RCA cables have been in existence since the early 1940s, connecting Victrola turntables to radio systems. Since then, the cabling type has expanded into multichannel surround sound, video and digital audio applications. Although the cable's essential construction varies little when used with these signal types, limitations of the types change how far you can run an RCA cable before encountering signal degradation.
Stereo audio is the standard use for most RCA cables. The issue with a well-shielded cable has to do with signal output voltage. Every preamplifier or receiver, whether home or car, outputs a certain level of audio signal, measured in volts. Most preamp outputs are 1 to 2 volts, while higher-end outputs measure from 4 to 14 volts. Higher voltages are commonly used in car audio applications to counter noise. However, resistance on the cable means that you are limited as to how far you can run the cable before losing significant voltage along the way and perhaps encountering hum and other undesirable effects. Most RCA audio cables that are built reasonably well with shielding can be run effectively from 100 to 200 feet.
RCA cables are found in clusters of three when used in a component video configuration. Each cable carries one of the red, blue and green components of the video signal. Here again, runs in the 200-foot range are common. However, unlike standard analog audio, impedance becomes an issue. A proper video cable is built to 75-ohm impedance, matching the output of the video device. This impedance prevents the cable from altering the video signal to a significant degree. In cases of long runs, it is important that the cable exhibit a deviation from this 75-ohm standard no more that 1 to 2 ohms total. Any more and shifting colors along with unequal color intensity may be exhibited.
RCAs used for digital audio are built the same and have the same parameters as component video cables. In this case as well, 75-ohm impedance is required for proper operation. Digital audio sent over RCA cables is robust, provided the impedance does not alter significantly. If it does, periodic drops in audio occur, due to too much data loss that cannot be recovered by the receiving device. Very often, RG-6 coaxial cable with RCA ends is used for long digital coaxial runs, given the extremely high bandwidth capability of this cabling type.
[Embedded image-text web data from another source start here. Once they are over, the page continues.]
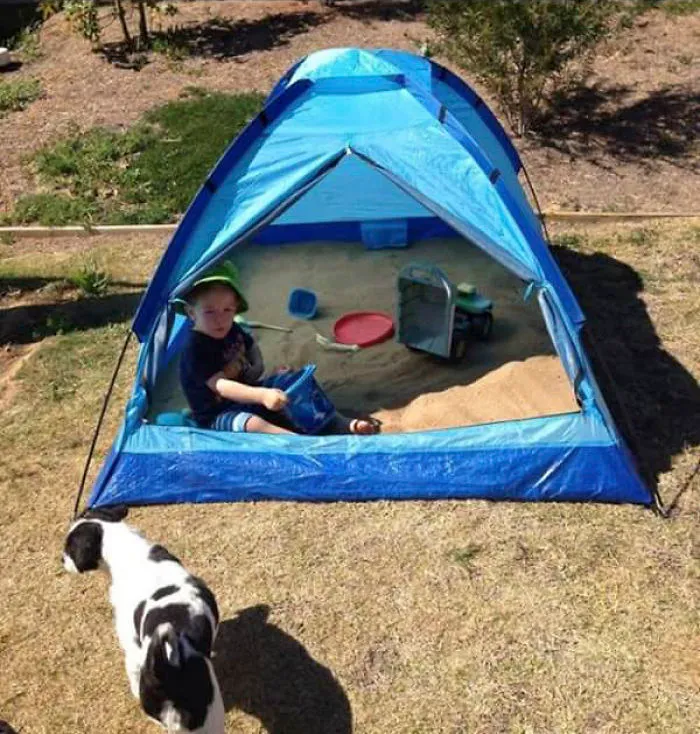We've Used A Small Tent To Make A Sandpit, It's Now Shaded & We Can Close It Up At Night To Keep The Neighbours Cats Out & It Also Stops The Grass Growing Through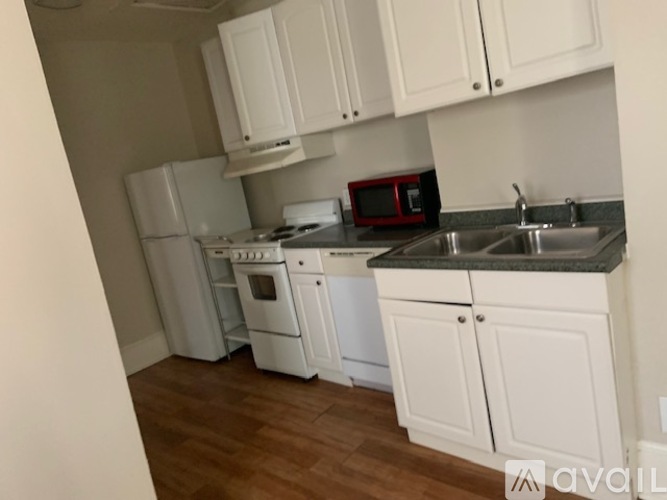 A kitchen with white cabinets and a red microwave.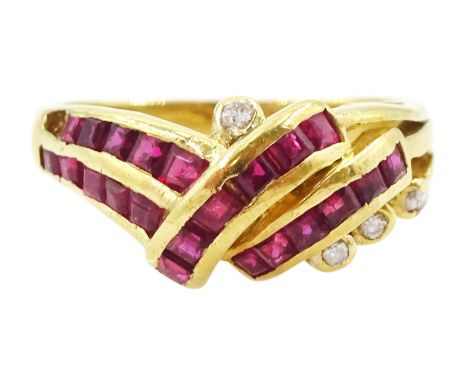 18ct gold channel set, calibre cut ruby and round brilliant cut diamond crossover ring, stamped 750Condition Report:Approx 3.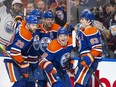 Edmonton Oilers Leon Draisaitl (29), Evan Bouchard (2), Connor McDavid (97), Zach Hyman (18) and Ryan Nugent-Hopkins (93) celebrate Hyman's goal against the Los Angeles Kings in Game 2 of their 2024 Stanley Cup Playoff series at Rogers Place on April 24, 2024, in Edmonton.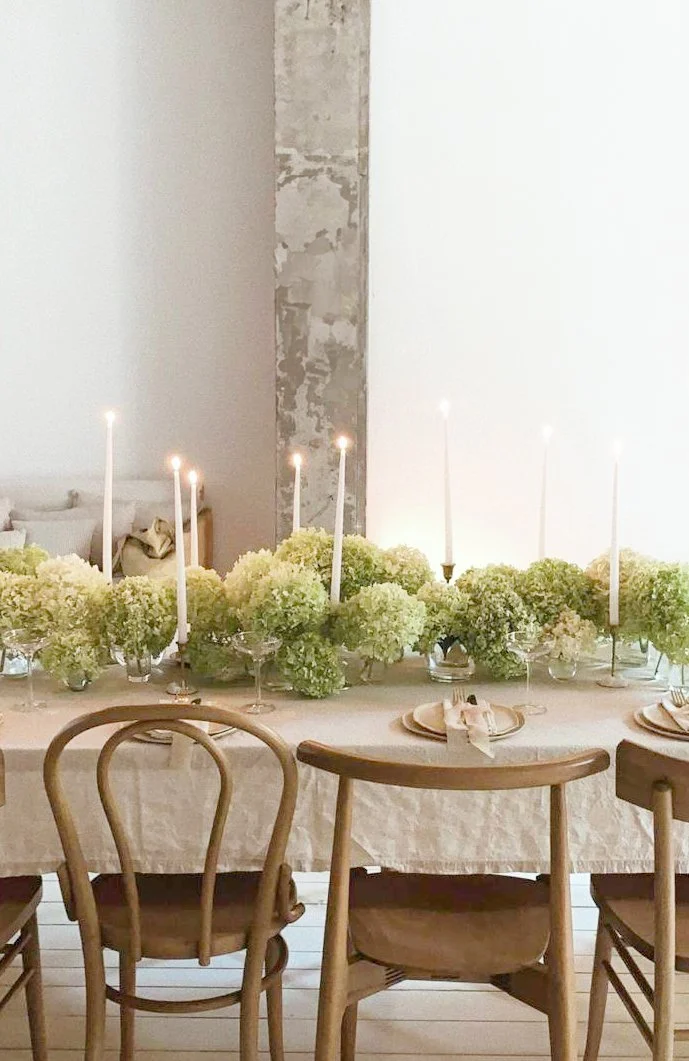 Een gedekte eettafel met witte bloemen en kaarsen, in een minimalistische inrichting.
Shielding and Construction
RCA cables must be well shielded. This is true regardless of the application. In addition to resistance on the cable itself, electromagnetic and radio frequency interference may inject itself into the signal without the presence of shielding to block this. As the cabling becomes longer, these factors are increasingly important. Common shield types are foil and braided copper or aluminum, with the most effective being alternating foil and braid configurations. Foil shielding works best against electromagnetic interference, while the braid handles radio frequency intrusion.